Search code examples
phpregexbbcode

Remove nested bbcode style tags and anything inside them


I need help with a regex to remove some thing. I can't get it to work as I want.

Lets say I have this text:

[quote=test]
[quote=test]for sure[/quote]
Test
[/quote]

[this should not be removed]
Dont remove me

How can I remove everything above [this should not be removed]? Please note that Test can be anything.

So I want to remove anything inside:

[quote=*][/quote]

I've come this far:

preg_replace('#\[quote=(.+)](.+)\[/quote]#Usi', '', $message);

But it keeps: Test [/quote]


Solution

  • Matching nested bbcode style code is rather complex - usually involving a non-regular expression based string parser.

    Seems you are using PHP it does support the regular expression (?R) syntax for "recursion" using this we can support nested bbcode like this.
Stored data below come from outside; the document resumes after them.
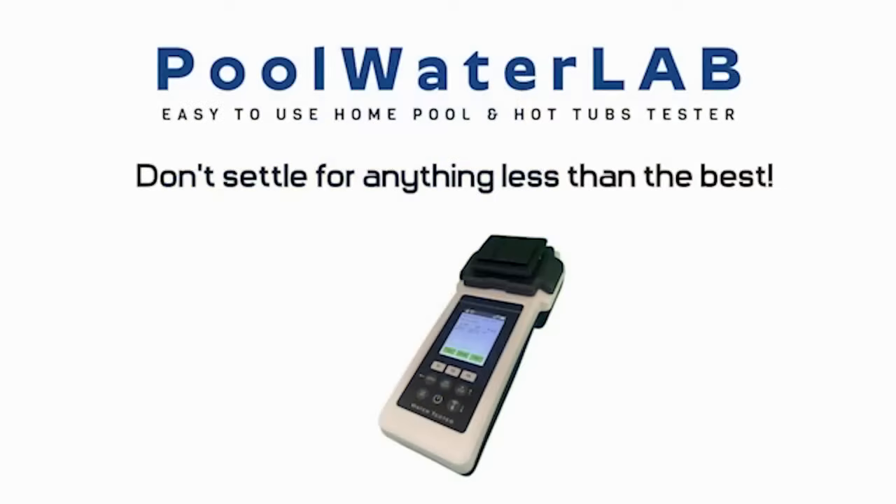Pool Water Lab — perfect water, perfect moments. Test, trust, and dive in.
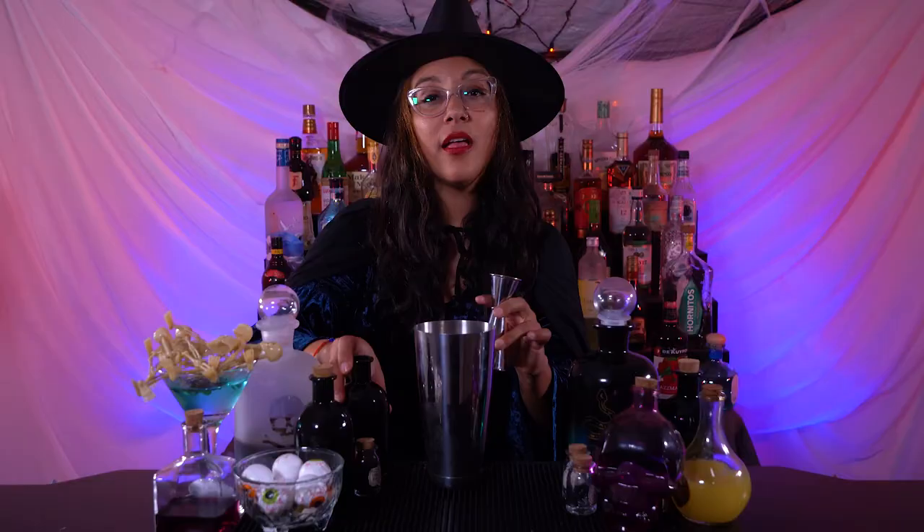Hello, welcome to the spooky bar! My name is Ina and I'm your witch bartender from the Party Shakers. Today we're gonna make a witch brew. First, we're gonna grab our shaker and put some ice, then we're gonna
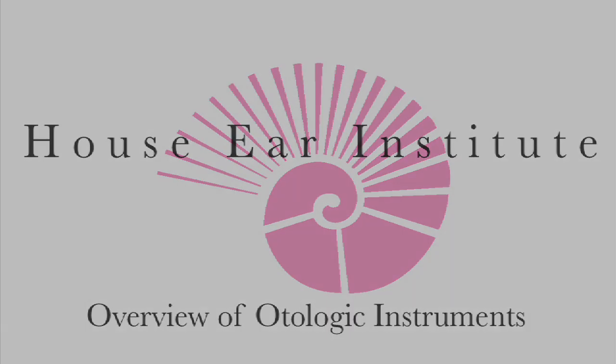Hello, I'm William Slattery of the House Clinic. In this video, we'd like to review the more common ear instruments, reviewing their names, their usage, and a little history about each of the instruments.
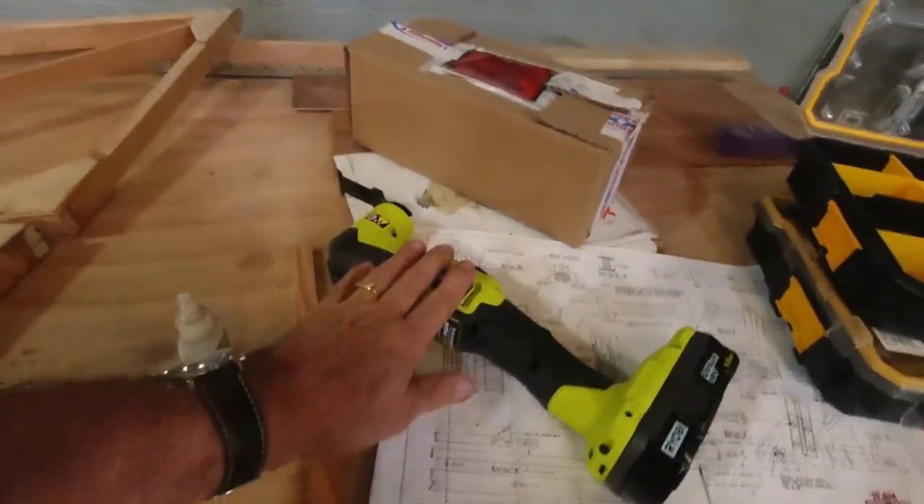That'll be for tomorrow. Thanks so much for hanging out with me - I do appreciate it. This was a really good day: figuring out how to get the slot for the hinge - the multi-tool made very quick work of it, especially with the Milwaukee blade. Hey, I'll catch you later.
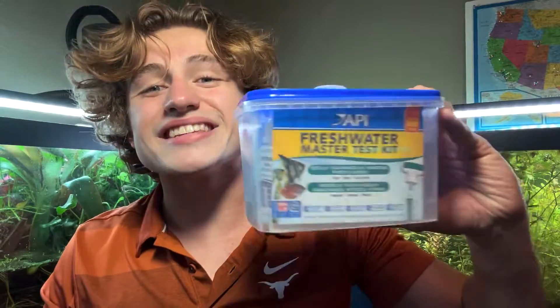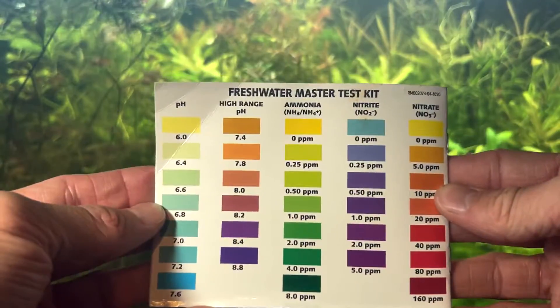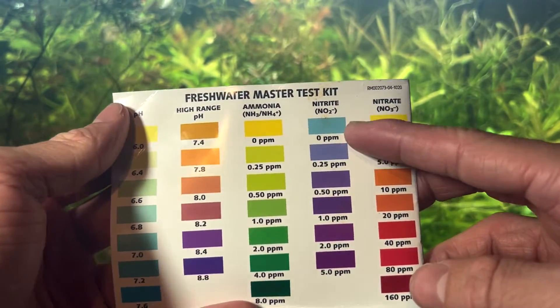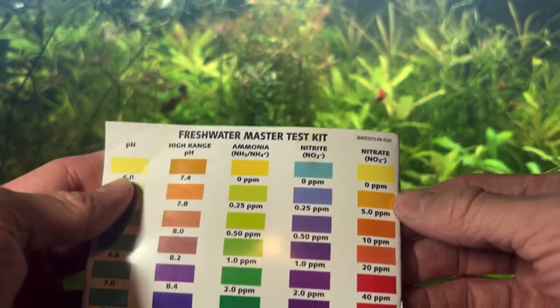Once you're done using your test tubes, be sure to wash them off with water and dry them out completely before putting them back with their lids on. To determine if your aquarium is cycled: you'll want zero ppm of ammonia, zero ppm of nitrite, and anywhere from zero to 20 ppm of nitrate.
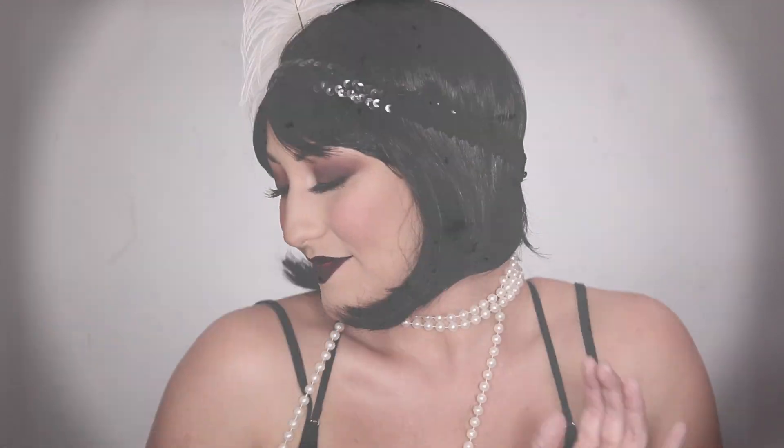Hey guys, what's up and welcome back to my channel! Today I have this flapper look for you. It's inspired by the 1920s obviously, and it's super easy and all drugstore. So if you want to see how to do it, just keep watching.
    Note that non-matching opening [quote=*] and closing [/quote] pairs will not be matched.

    Regular Expression

    \[(quote)=[^]]+\](?>(?R)|.)*?\[/quote]
    

    https://regex101.com/r/xF3oR6/1

    Code

    $result = preg_replace('%\[(quote)=[^]]+\](?>(?R)|.)*?\[/quote]%si', '', $subject);
    

    Human Readable

    # \[(quote)=[^]]+\](?>(?R)|.)*?\[/quote]
    # 
    # Options: Case insensitive; Exact spacing; Dot matches line breaks; ^$ don’t match at line breaks; Greedy quantifiers; Regex syntax only
    # 
    # Match the character “[” literally «\[»
    # Match the regex below and capture its match into backreference number 1 «(quote)»
    #    Match the character string “quote” literally (case insensitive) «quote»
    # Match the character “=” literally «=»
    # Match any character that is NOT a “]” «[^]]+»
    #    Between one and unlimited times, as many times as possible, giving back as needed (greedy) «+»
    # Match the character “]” literally «\]»
    # Match the regular expression below; do not try further permutations of this group if the overall regex fails (atomic group) «(?>(?R)|.)*?»
    #    Between zero and unlimited times, as few times as possible, expanding as needed (lazy) «*?»
    #    Match this alternative (attempting the next alternative only if this one fails) «(?R)»
    #       Match the entire regular expression (recursion; restore capturing groups upon exit; do not try further permutations of the recursion if the overall regex fails) «(?R)»
    #    Or match this alternative (the entire group fails if this one fails to match) «.»
    #       Match any single character «.»
    # Match the character “[” literally «\[»
    # Match the character string “/quote]” literally (case insensitive) «/quote]»